Tina Marshall: It’s really interesting to hear what you’re saying about the feasibility, the protocols that are being developed in the US, and then bringing them over to the UK.
What flexibility do you have actually in changing those protocols and adapting them for the UK?
Sarah Deeley: Well, I think that questions are sort of applicable to global organisations. Something that Biogen does extremely well is making sure that we do have that external engagement with both our regulatory authorities, as well as our key medical experts with a draft protocol so we can hopefully feedback as necessary. We get feedback and then the changes are discussed as necessary in terms of making sure that the protocol is fit for purpose globally and not US-centric. So that’s something that myself and my counterparts do, in terms of understanding whether the inclusion and exclusion are going to be able to identify the correct patients for that country. As well as study schedules and really teasing out nuances and identifying challenges at that very, very early stage.
Jane Twitchen: And as well as learning from the regulators and the key opinion leaders, we’re trying to listen more to the patients. This is an area that’s really grown, I think post-COVID or through the COVID experience. One, everybody knows more about clinical trials now and understands what a clinical trial is. But two, that’s really enhanced our wish to deliver flexibility to protocols. That’s hugely challenging. It’s particularly challenging in neuroscience where we often rely on rating scales as our endpoints. And there’s a huge difference between an observed interaction when you’re sitting next to me like this, then there could be through a screen or using a third party to perform that assessment.
So there are lots to get over and to learn from in that area, but we are trying to listen to our patients. We are trying to bring innovation to our study design to have flexible protocols that also allow change as the patient’s disease progression changes as well. So we might start working with a Parkinson’s patient when they are perfectly happy to come in and want to see their doctor, but as their disease progresses as they go throughout the study that opinion might change. How can we make sure the protocol adapts to them?
Tina Marshall: We’ve been hearing about how you’ve been adapting your protocols based on sites.
How is this working for patients? The landscape for patients and clinical trials has completely changed. Patients know so much more now and they want to know so much more. So what are you guys doing?
Sarah Deeley: We’re working very closely with the National Institute for Health and Care Research, the NIHR in the UK in organising patient advisory boards. These can take in terms of a number of objectives and it’s really bringing the patient voice into a much earlier stage of research, whether it’s reviewing certain documentation, or reviewing certain aspects of the protocol. But it’s making sure that we are designing protocols that are fit for purpose for the individual patient and that they will want to be able to partake in the study and it will be a positive experience for them because that’s what we want to make sure that we are generating clinical studies where patients do want to participate and they’re getting something out of it.
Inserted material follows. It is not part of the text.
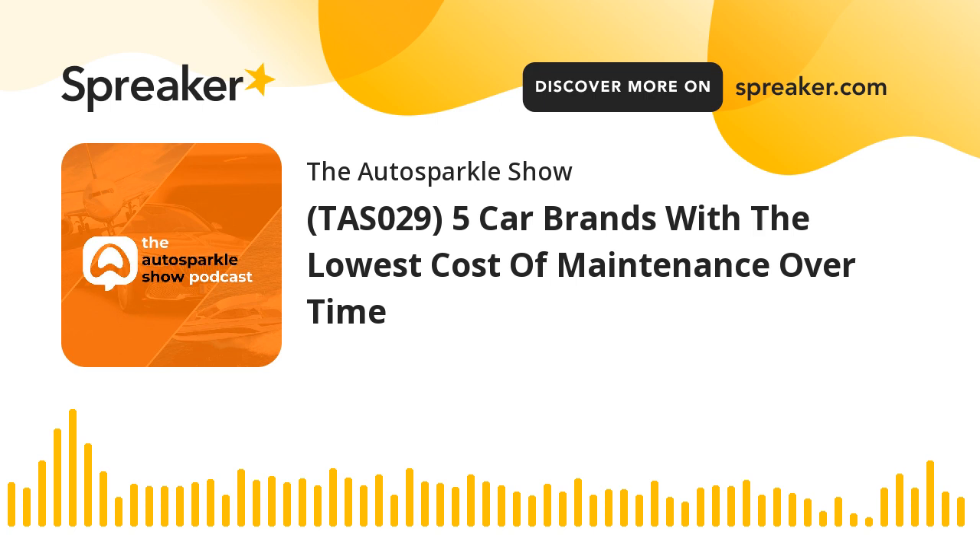Thank you for tuning in — catch you next time. The Auto Sparkle Show is proudly brought to you by Auto Sparkle, Africa's leading automotive detailing brand. Get familiar at www.myautosparkle.com. Auto Sparkle — always wild.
Jane Twitchen: We’re really trying to consider the patient in everything we do. And we’ve run a few internal initiatives recently in response to that. So one was really simple and I’m not sure why we didn’t think of it before, but it was to develop a patient glossary. So regardless of where we sit within Biogen, whether we’re a commercial member of the sales team, producing materials for a patient, whether we’re producing clinical trial materials, whether we’re adding text to our website, we should be using one voice, we should all be using the same terminology. We should make sure it’s not too medically or scientifically rich so anyone can pick it up and understand it and see that consistency between our materials.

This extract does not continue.